That is, the data carrier may further comprise at least one background layer. Preferably, said background layer is not transparent or translucent, for example opaque. Preferably, the background layer comprises or consists of one or more polymers and/or plastics, preferably thermoplastics, particularly preferably polycarbonates. Preferably, the background layer further corresponds to a colored layer, such as a white layer. Such a colored background layer is preferably provided by a layer comprising or consisting of a polymer and/or plastic, in which a pigment is embedded. Preferably, said pigment is opaque and/or configured to at least partially reflect incident electromagnetic radiation and/or configured to at least partially absorb incident electromagnetic radiation. The background layer preferably serves the purpose of making the data carrier at least partially opaque and/or of providing a background for a non-transparent but colored data carrier. Preferably, the background layer is white. However, other colors are conceivable as well.

Different arrangements of the background layer with respect to the processing layer and the substrate layer are also conceivable. For example, the extension of the background layer and of the processing layer and/or substrate layer along the lateral direction may be the same or different. In other words, the width of these layers along the horizontal direction may be the same or different. It is also conceivable that these layers are arranged only partially overlapping with respect to the extension direction. In other words, when viewed along the vertical direction, at least one area of the processing layer and/or substrate layer is not covered by the background layer or vice versa. However, it is equally conceivable that these layers are totally overlapping with respect to the extension direction or with respect to a direction extending opposite to the extension direction.
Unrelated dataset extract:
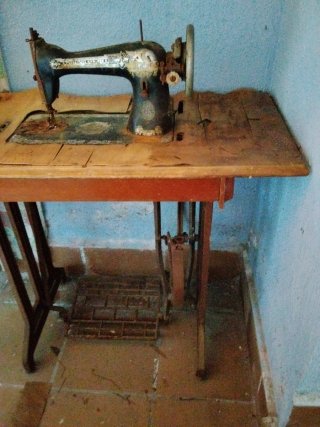 Máquina de coser antigua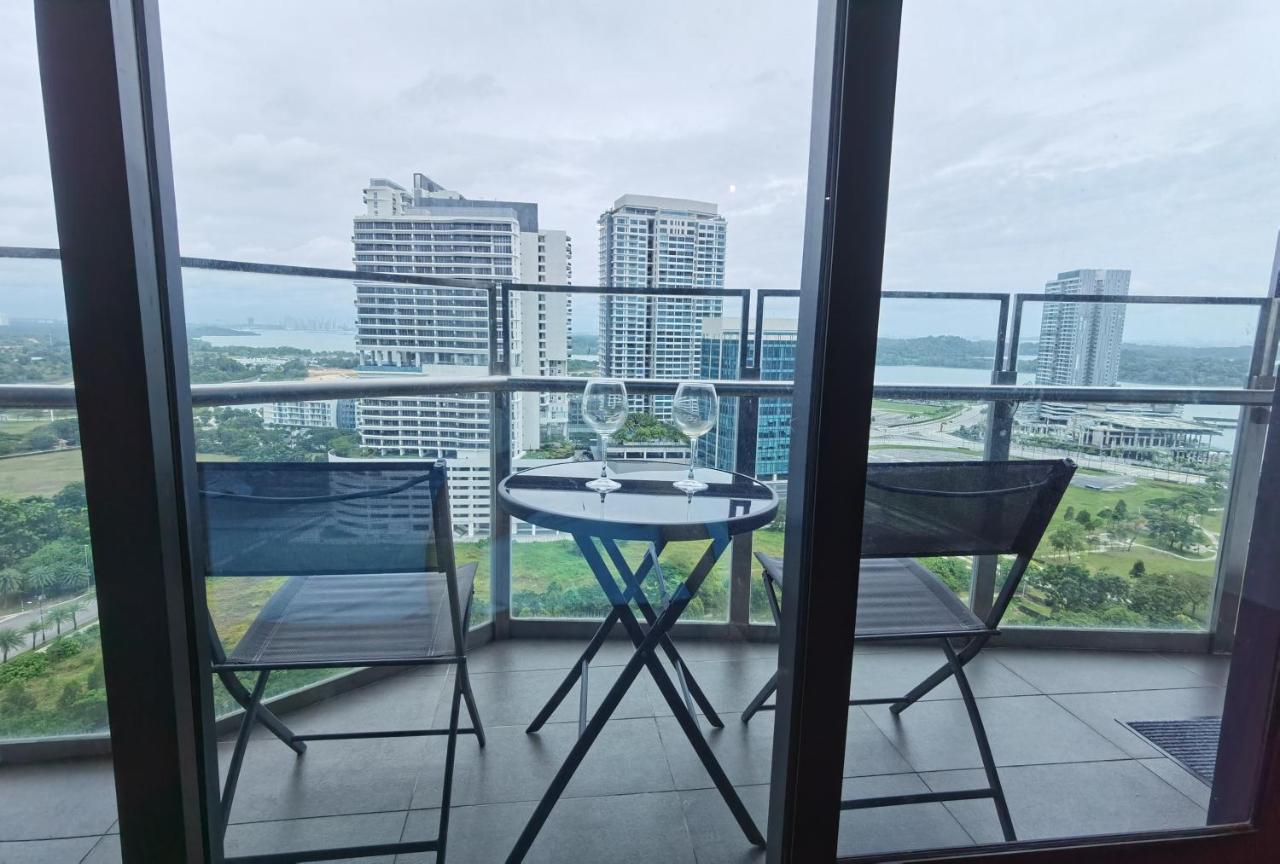 Almas Puteri Harbour Apartment Nusajaya  Exterior foto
If the background layer is arranged in the same position as the substrate layer and/or the treatment layer in the extension direction, it is preferred that the background layer comprises at least one recess, through hole or opening, and the treatment layer and/or the substrate layer is arranged at least partially within said recess, through hole or opening. Said recess, through hole or opening may be a window as described in US 2014/023838 A1. In other words, it is conceivable that the treatment layer according to the invention is implemented as the well-known window lock, but with the difference that the metal foil is replaced by a treatment layer comprising an opaque pigment according to the invention.

It is also conceivable that the data carrier comprises two or more background layers, said two or more background layers being the same or different from one another. In this case too, the difference lies, for example, in the overlap with respect to the extension direction and/or in the extension along the lateral direction, as outlined above.

The one or more treatment layers, and/or the one or more substrate layers, and/or the one or more background layers may be continuous layers in the lateral direction. A continuous layer is understood as a layer without gaps, interruptions, etc. However, it is also conceivable that the one or more treatment layers, and/or the one or more substrate layers, and/or the one or more background layers are interrupted in the lateral direction, i.e. are provided in segments. The distance between successive segments in the lateral direction may be the same or may differ from one another. In other words, the segments of the treatment layers, and/or the substrate layers, and/or the background layers may be equally or unevenly spaced from one another and in the lateral direction. As a result, different overlaps of these segments in the extension direction may also be generated.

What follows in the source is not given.